Efficient stoves and ovens are easy to build, says Svane Bender of the German environmental organization, NABU, which is working on a project to provide stoves to families in Ethiopia.

"That's the advantage they have in comparison to solar ovens, for example, which need a lot of imported parts," Bender said.

Due to different regional factors such as fuel methods and what kind of food is commonly prepared determine which kind of oven meets the populations' needs, a wide variety of efficient ovens are available

"Ethiopians eat a kind of flat, round bread known as injera, so an oven was developed for that purpose," said Bender.

In many projects, people learn how to build their own ovens out of clay, metal, or bricks. Well-insulated combustion chambers and wind protection that keeps cool air away from the cooking pot ensure efficiency.

Cooking over an open fire in Uganda
In Africa, 90 percent of all food is cooked - mainly the traditional way, over an open fireImage: GTZ / Karin Desmarowitz

Emerging economies like China and India currently have the most modern efficient stoves, thanks to strong government support for their expansion.

"Purchasing power is important for success – and there's plenty of purchasing power in both of these booming emerging nations," said Brinkmann.

But the new stoves are also becoming more popular in developing countries, especially in eastern Africa. In addition to Ethiopia and Kenya, Uganda is considered to be a model example. There, half a million households are cooking with the clay oven known as the Rocket Stove, which emits hardly any smoke.

According to the GTZ, this particular model saves households a ton of wood each year. The organization is training villagers to become professional stove builders. Without such commitment on the ground, even such well-intentioned projects can often fail after a very short time.

Climate protection and profit

Modern cooking methods are also increasingly becoming important in South America, particularly in Bolivia and Peru. The Peruvian government aims to distribute some 500,000 efficient stoves among its people, with the help of companies such as Microsol.

After all, they can earn money with efficient stoves, thanks to the Clean Development Mechanism (CDM) within the framework of the Kyoto Protocol on climate protection. It allows companies from the signatory nations to buy emissions credits for climate protection projects in developing countries. They can either sell them, or use them to offset their own CO2 reduction goals. Companies buy the certificates from firms such as Microsol, which develop their own climate projects specifically for this purpose.

Emissions certificates from projects which have achieved the so-called "gold standard" are especially expensive.

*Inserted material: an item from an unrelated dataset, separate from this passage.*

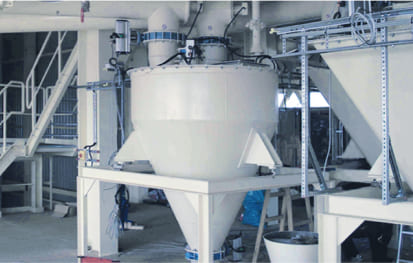 Fertilizer mixing and pre-packing lines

Companies commit to such projects voluntarily, as they get a huge image boost from the standard's rigorous criteria.

Cooking with an efficient oven in Uganda
In Uganda, the Rocket Stove has become popular. It's built out of clay and has a chimneyImage: GTZ / Karin Desmarowitz


Until now, only four stove projects have registered globally for emissions trading; 13 others projects are currently being evaluated by independent bodies on behalf of the CDM advisory board. But many more projects are needed because, as the GTZ has noted, efficient stoves and ovens have not yet achieved the global breakthrough that the United Nations once hoped for.

The UN millennium development goals agreed on in 2000 aimed to reduce the number of people still using traditional cooking methods by half. But in order to reach this goal, some 500,000 modern stoves would have to be introduced each day – a utopian number.

Despite this, development workers are hopeful. Through the measures put in place by the CDM, large sums of money from private investors can finally be made available, turning efficient stoves and ovens into mass market products.

"We have to see now, what the effects of the latest CDM business have been," said Brinkmann. "But it seems clear that it offers new development potential to efficient cooking methods."

That's also the goal of the private UN foundation that will found the "Global Alliance for Clean Ovens" at the end of March. It aims to provide 50 million new units to developing countries in the next five years.